Tate & Lyle
Carst and Walker

Silicon Valley and the search for meatless meat

Meatmaking is a process that’s so inefficient it’s ripe for disruption. That’s a key driver behind the extensive drive by Silicon Valley entrepreneurs and their venture capitalist backers to create the post-animal economy. This fascinating article, a long read, details all these players and their various methodologies.

IN AUGUST one of Silicon Valley’s hottest startups closed a $17-million round of funding. The Series A had attracted some of the biggest names in tech.

“I got closed out because of Richard Branson and Bill Gates,” bemoaned Jody Rasch, the managing trustee of an angel fund that wasn’t able to buy in.
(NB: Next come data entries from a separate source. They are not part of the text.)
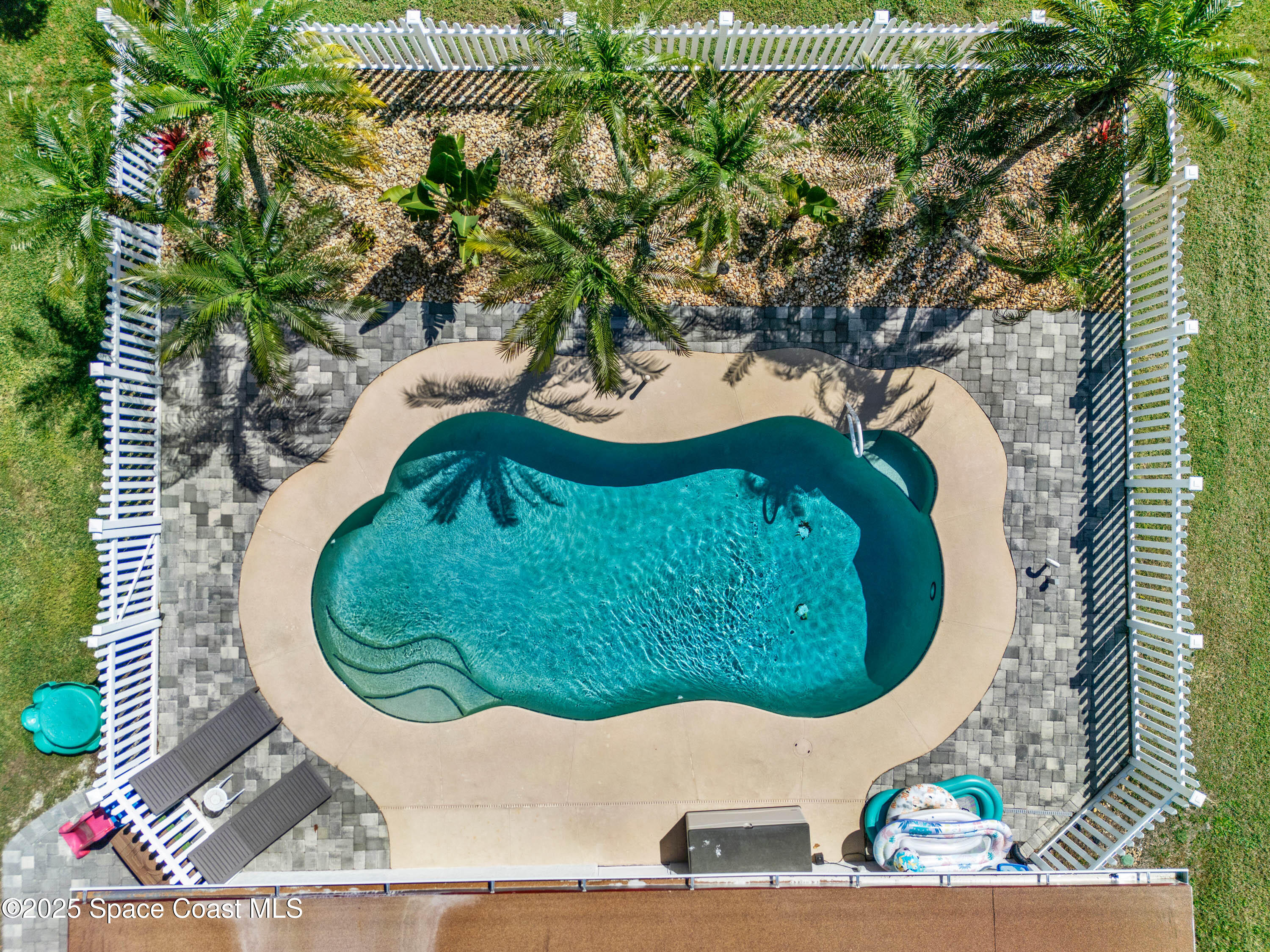 930 Miller Lane Melbourne, FL 32934 - Photo 2 of 40 a view of a fountain in the backyard
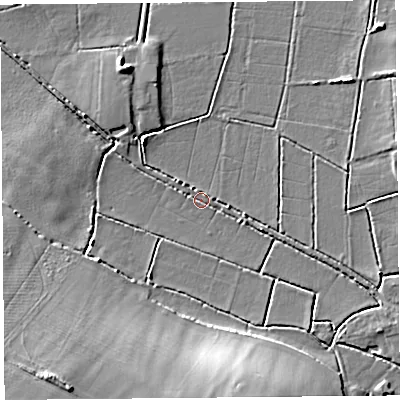 Shaded relief map of the ground around TA100QT, computed from Environment Agency LiDAR. The ground here sits at about 5 m above sea level and falls 12 m across the surrounding 800 m. Surface water reaching this point runs off ground lying to the south-south-east, 11.6 m higher.
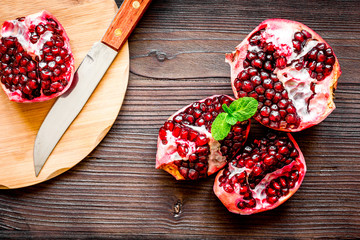 sliced pomegranate on wooden background top view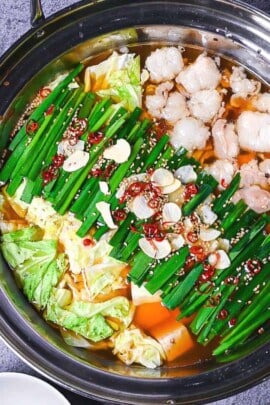 Motsunabe in an aluminum pot made with beef intestines, cabbage and tofu served in an aluminum pot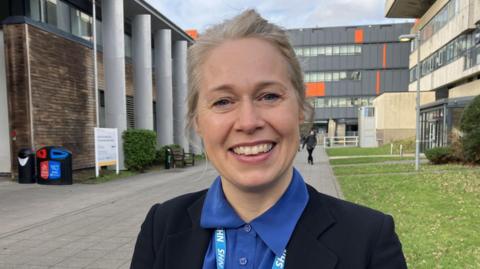 Mae Dr Munro yn sefyll y tu allan i Brifysgol Aberystwyth, gydag adeiladau a glaswellt y tu ôl iddi. Mae hi'n gwisgo blows las a siaced ddu ac yn gwenu.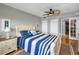 Bedroom with light and airy decor featuring a decorative ceiling fan and french doors leading to a balcony at 1621 Gulf Blvd # 407, Clearwater Beach, FL 33767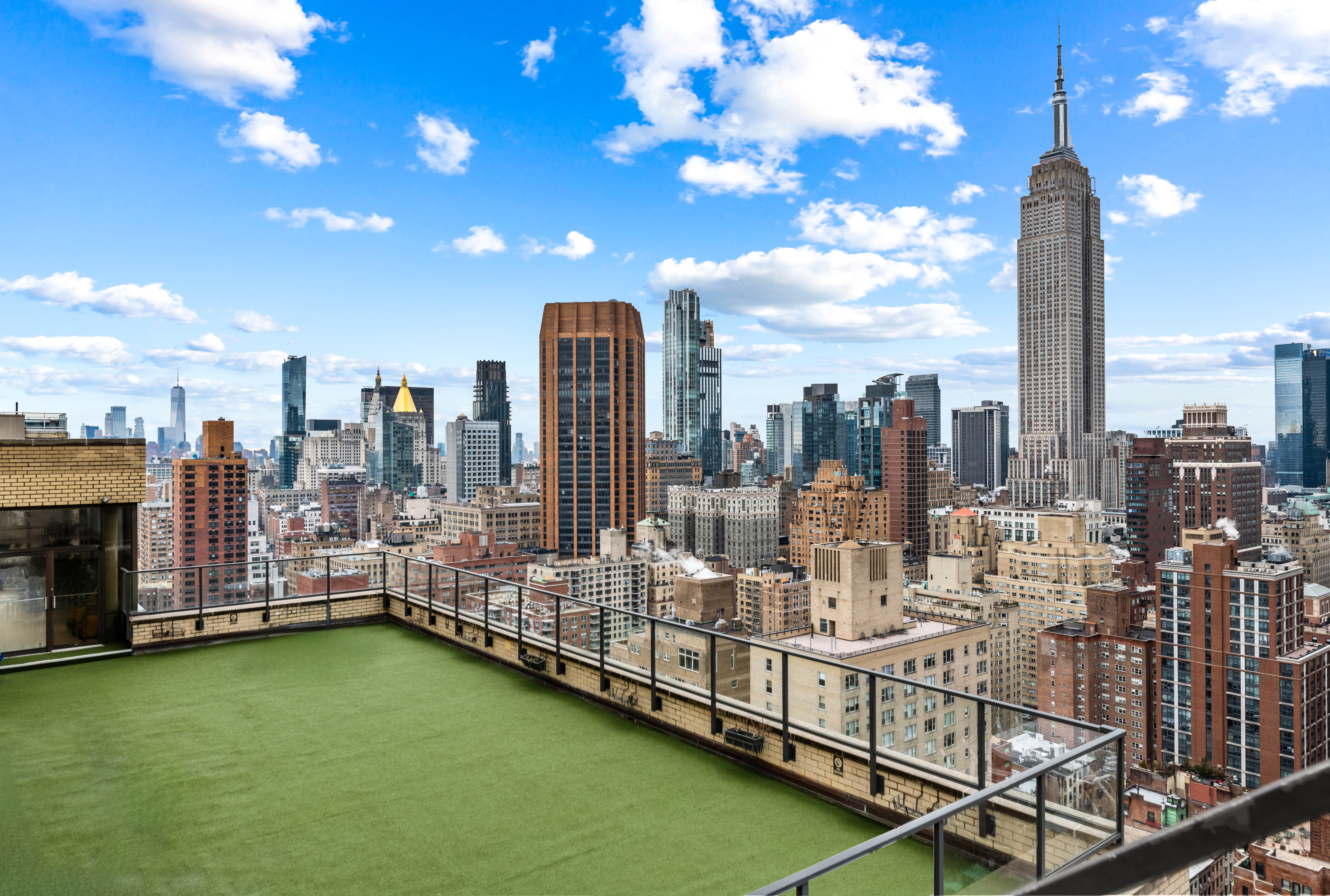 160 East 38th Street, Unit 26FG Manhattan, NY 10016 - Photo 18 of 23 a view of a balcony with city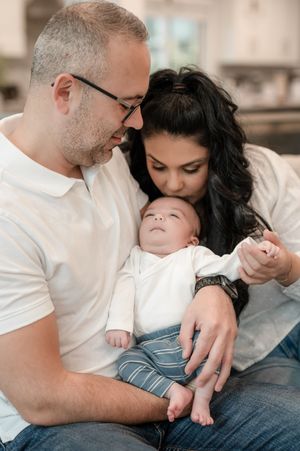 Parents sharing an intimate bonding moment with their newborn baby while relaxing on a couch.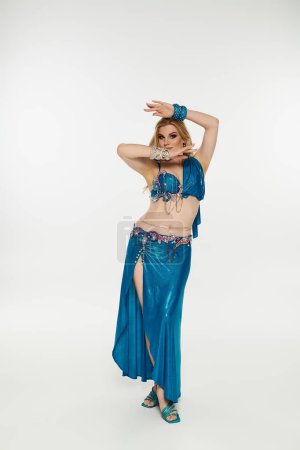Elegantly dancing in vibrant blue belly dance outfit.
Venture capital firm DFJ — which has backed the likes of Tesla and SpaceX — led the round, with one of its then-partners calling the nascent company’s work an “enormous technological shift”.

The cutting-edge product the startup was trying to develop? Meat — the food whose more than $200-billion in US sales has come to be the defining element of the Western diet. But what made this company’s work so revolutionary was not what it was trying to make so much as how it was attempting to do it. Memphis Meats, the brainchild that had the startup-investor class salivating, was aiming to remove animals from the process of meat production altogether.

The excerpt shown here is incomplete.